INPUT FOR THIS TASK →
----------

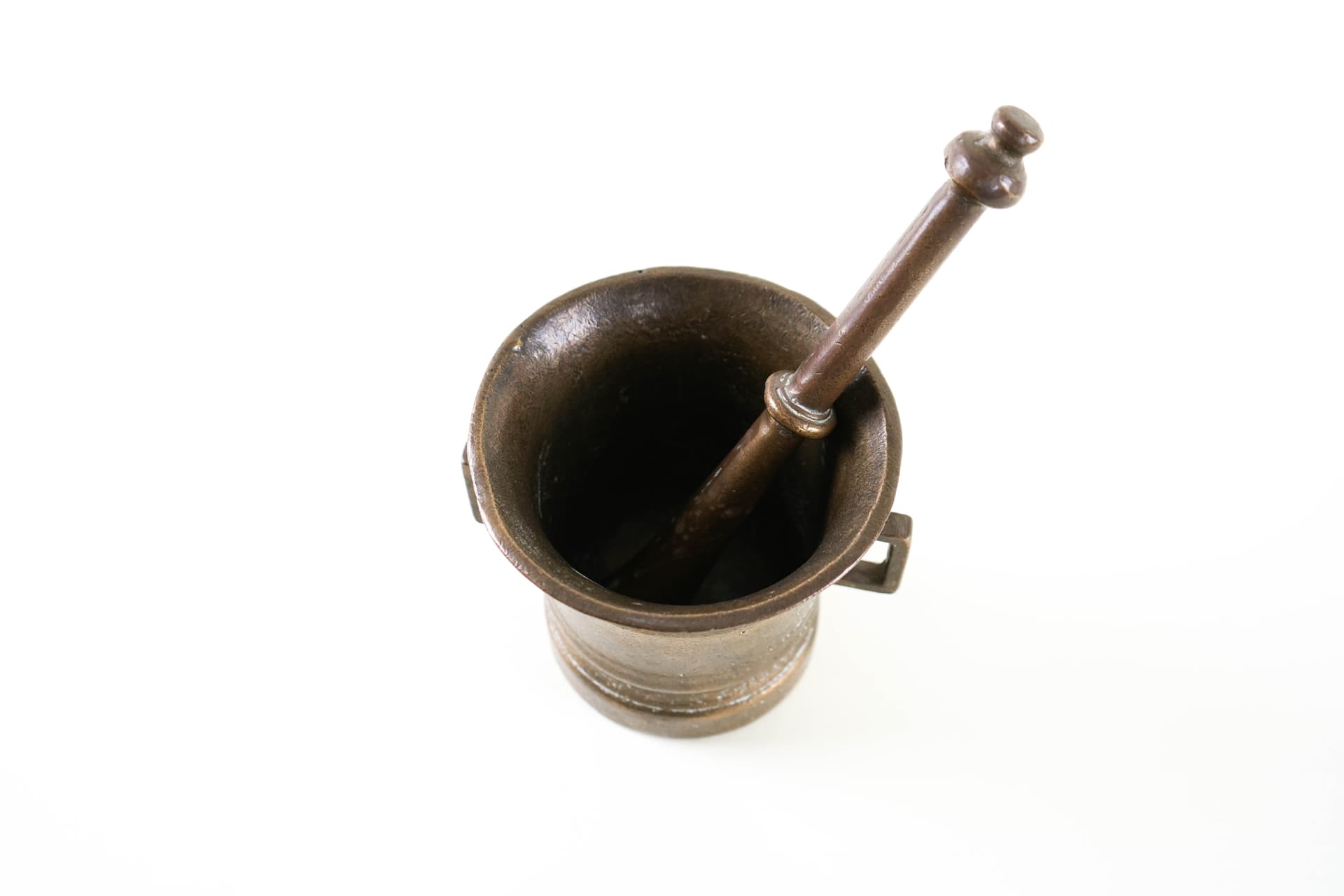 Mortar with Pestle Art Deco, golden brass, early 20th c. - 398097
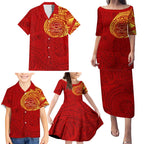 Personalized Gold Coast Suns Polynesian Family Matching Puletasi and Hawaiian Shirt Tribal Chest and Sleeve Tattoo Heritage Warrior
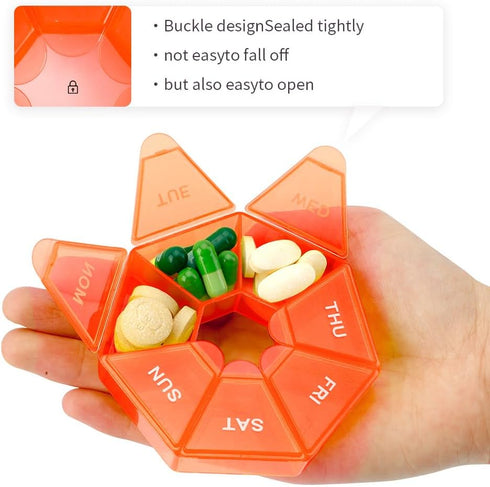 Pill Organizer, Weekly & Daily Pill Container, Small Pill Box for 1 Time a Day, Travel Pill Holder, 7 Day (Orange)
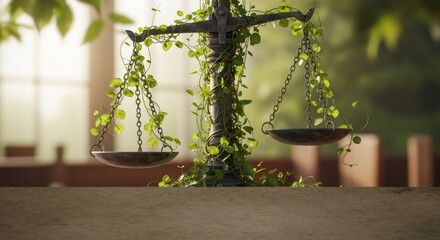 Scale of justice covered in green ivy, symbolizing environmental law and ecological balance. Concept of nature's equilibrium and sustainable development.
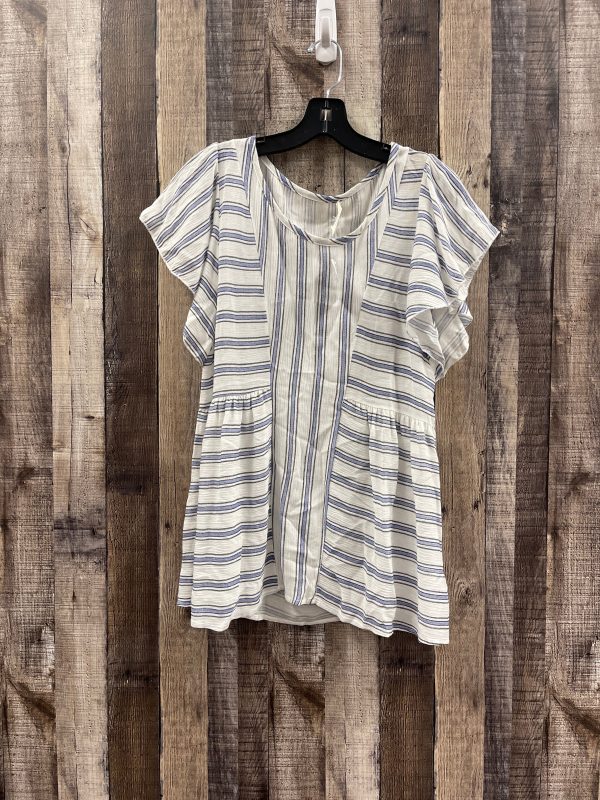 Top Short Sleeve By Cme In Blue & White, Size: S For Cheap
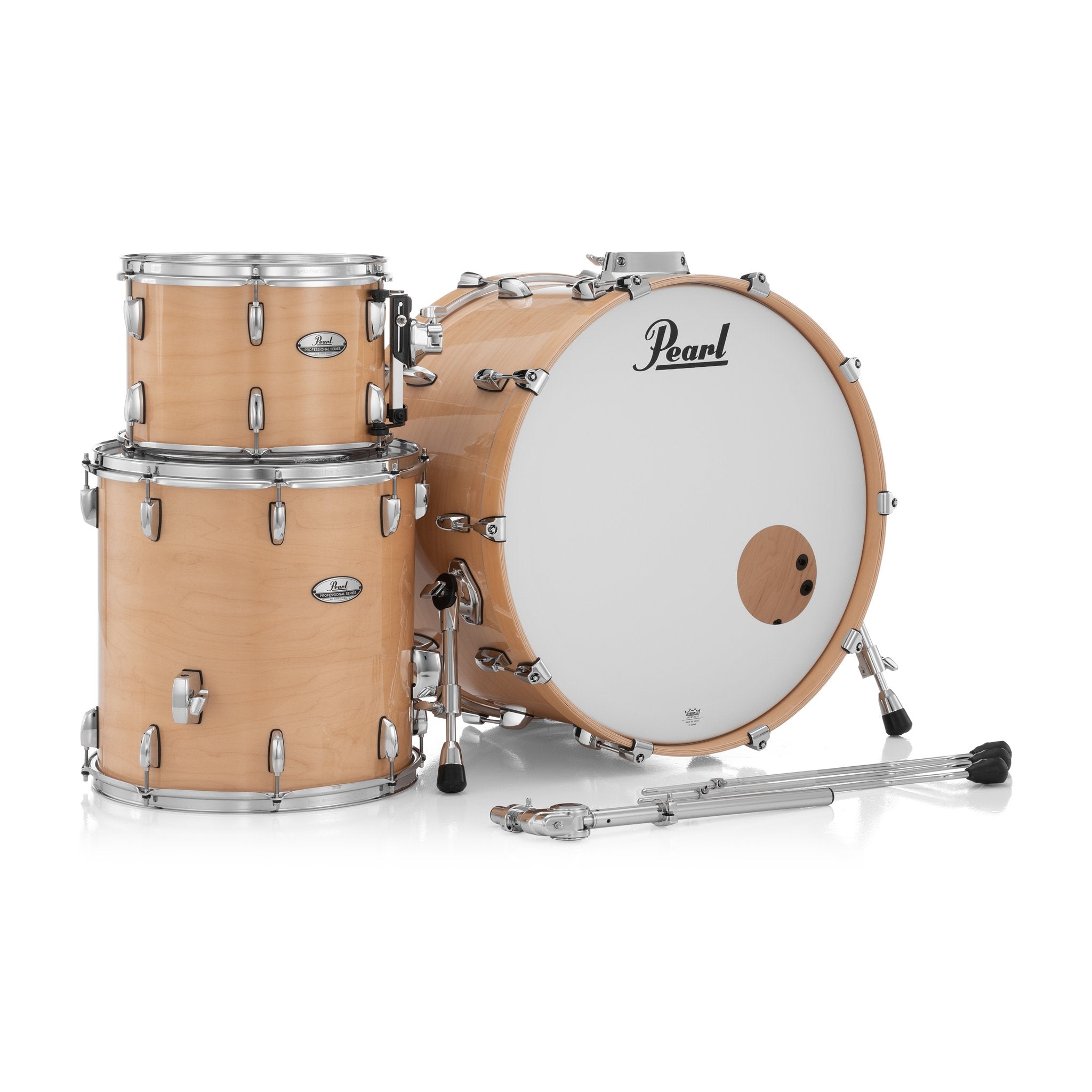 Pearl Professional 3-piece Maple Drum Set Shell Pack - 24" Bass Drum - Natural Maple - Image 9
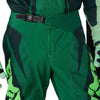 Fox Racing 180 Raid Pants in Deep Fern, close-up of the waist and hip panels, with the ratcheting waist adjuster, stretch yoke, shaped hip panel, and reinforced knee or thigh material. Available options—Color: Rust, Purple Lava, Deep Fern; Size: 28, 30, 32, 34, 36, 38. SKU 40685-D10-32. UPC 198571125083.
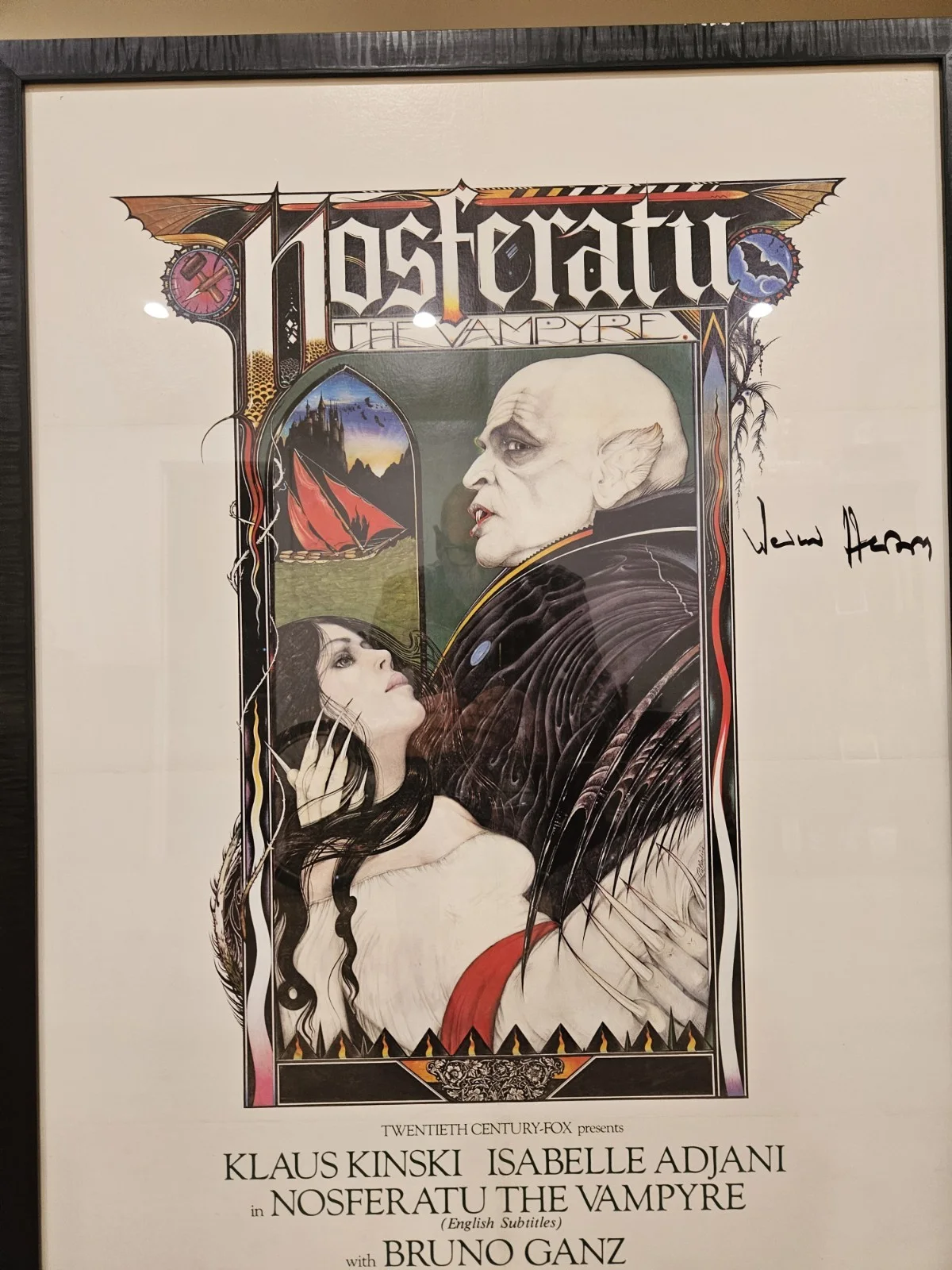 Nosferatu The Vampyre -Werner Herzog -SIGNED -Poster 27x41-LINEN-Rolled-No Frame, image 3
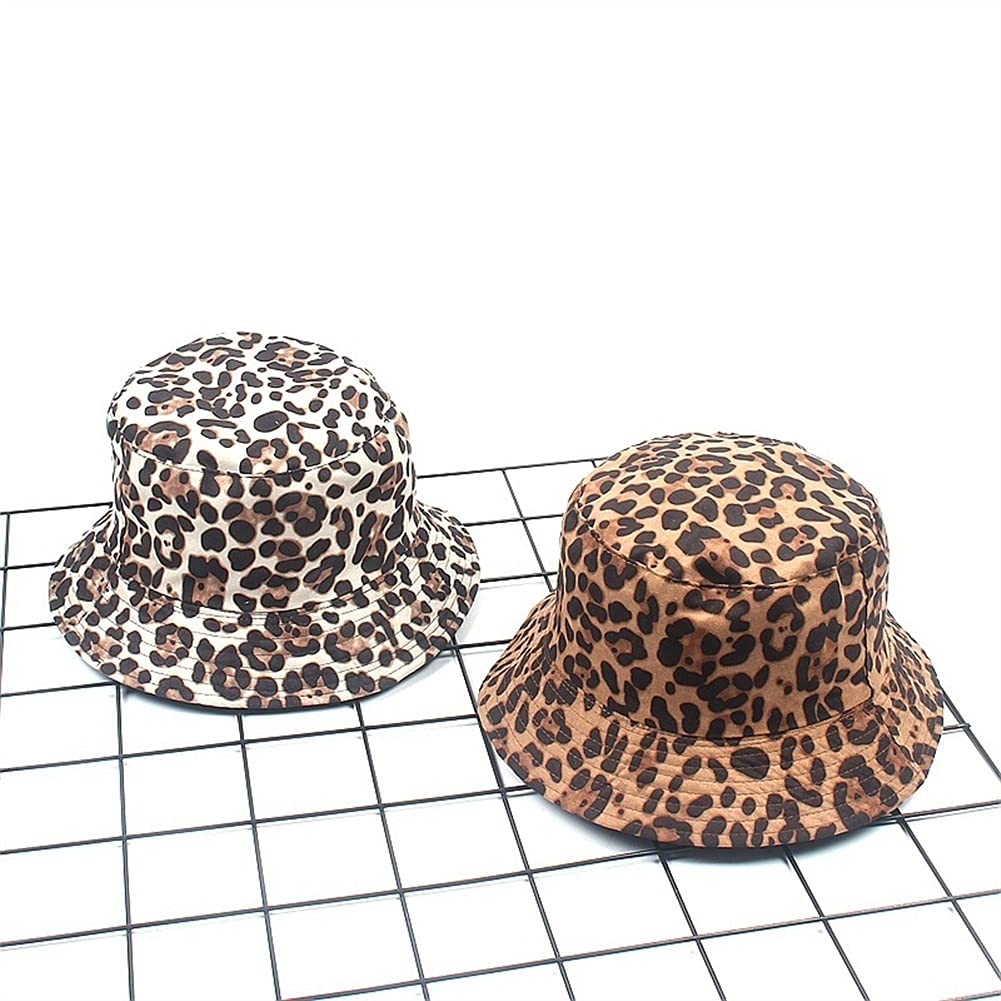 Chapeau Bob Réversible Léopard Pêche – Double Face Été Unisexe – Protection Soleil & Style Trendy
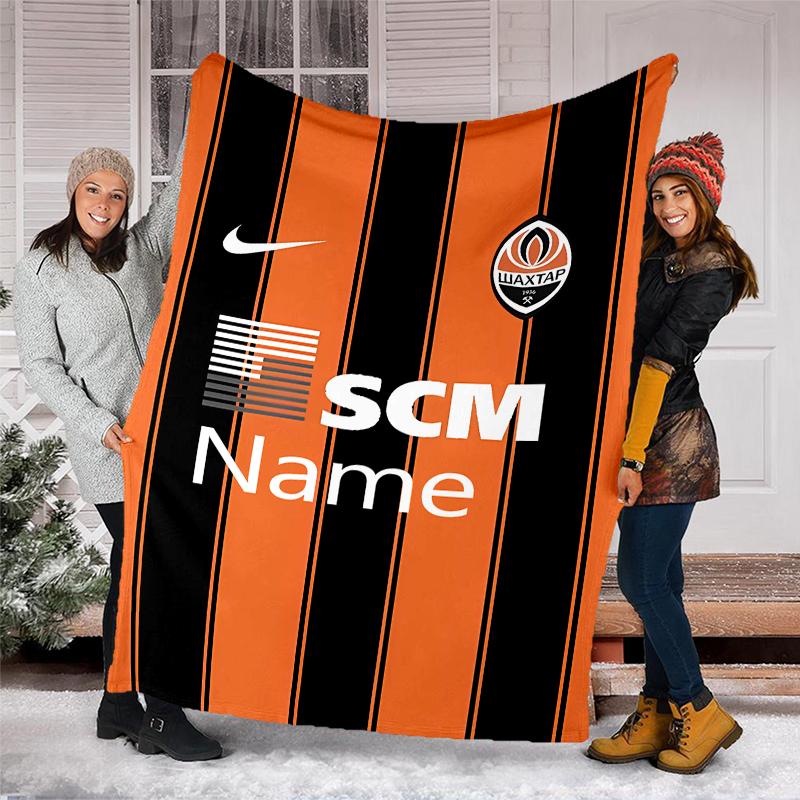 Personalized Custom Name Blanket - FC Shakhtar Donetsk Print Design,Blanket for Sofa,Bed,Travel,Camping - Soft and Warm, Great Gift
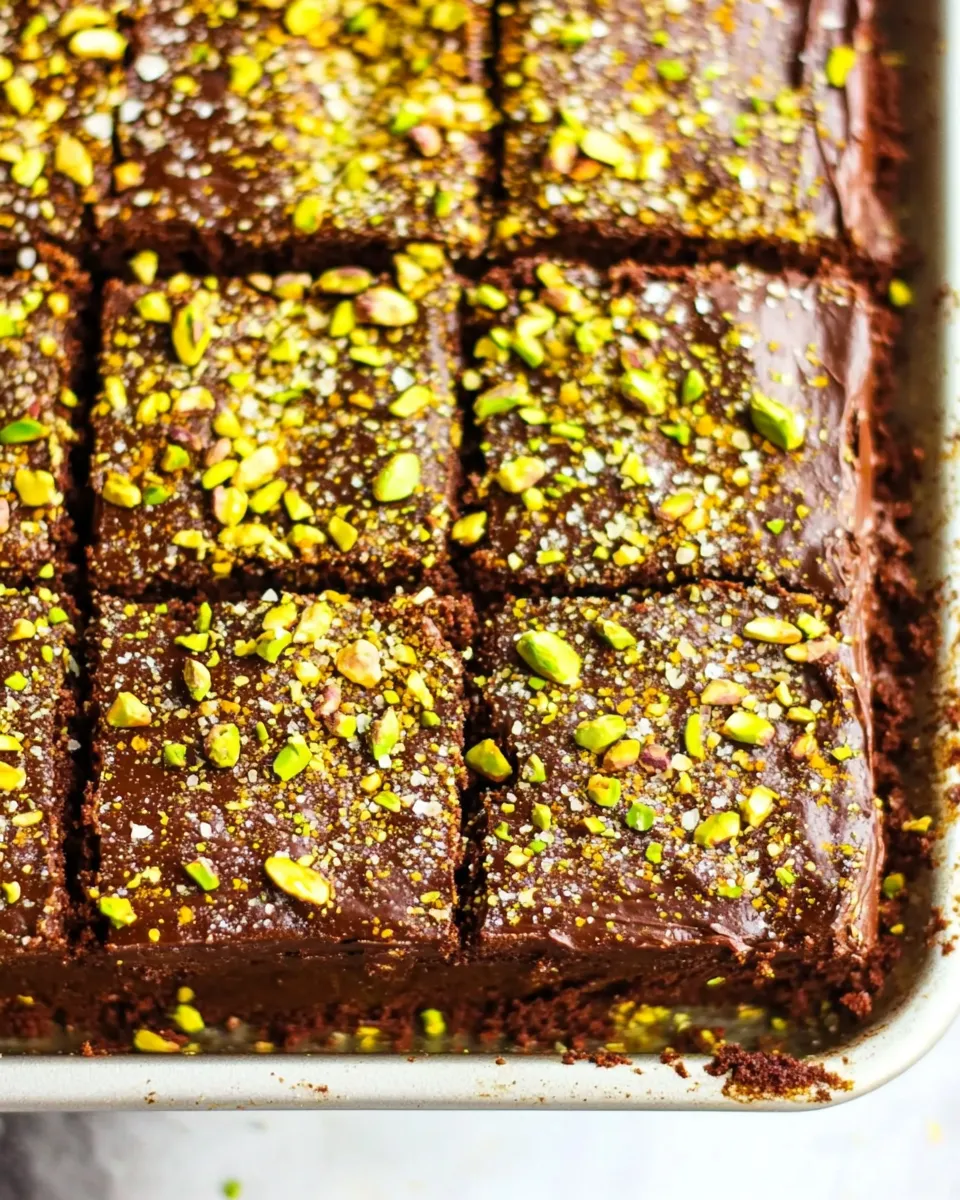 delicious Salted Texas Chocolate Sheet Cake with Pistachios dish photo
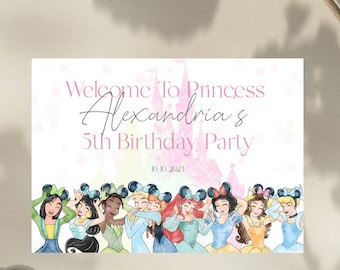 Disney princess birthday welcome sign, modern and simple child welcome sign, editable and printable, templett, princess party welcome sign
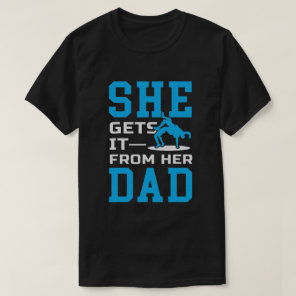 Girls Wrestling Dad Father Wrestler Sports Parents T-Shirt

----------

PROBLEM TO SOLVE → Please set down exactly the lines from the one holding "Personalized Custom Name" through the last line of the entries, both ends included, and skip pictures.

YOUR RESPONSE →
 Personalized Custom Name Blanket - FC Shakhtar Donetsk Print Design,Blanket for Sofa,Bed,Travel,Camping - Soft and Warm, Great Gift
 delicious Salted Texas Chocolate Sheet Cake with Pistachios dish photo
 Disney princess birthday welcome sign, modern and simple child welcome sign, editable and printable, templett, princess party welcome sign
 Girls Wrestling Dad Father Wrestler Sports Parents T-Shirt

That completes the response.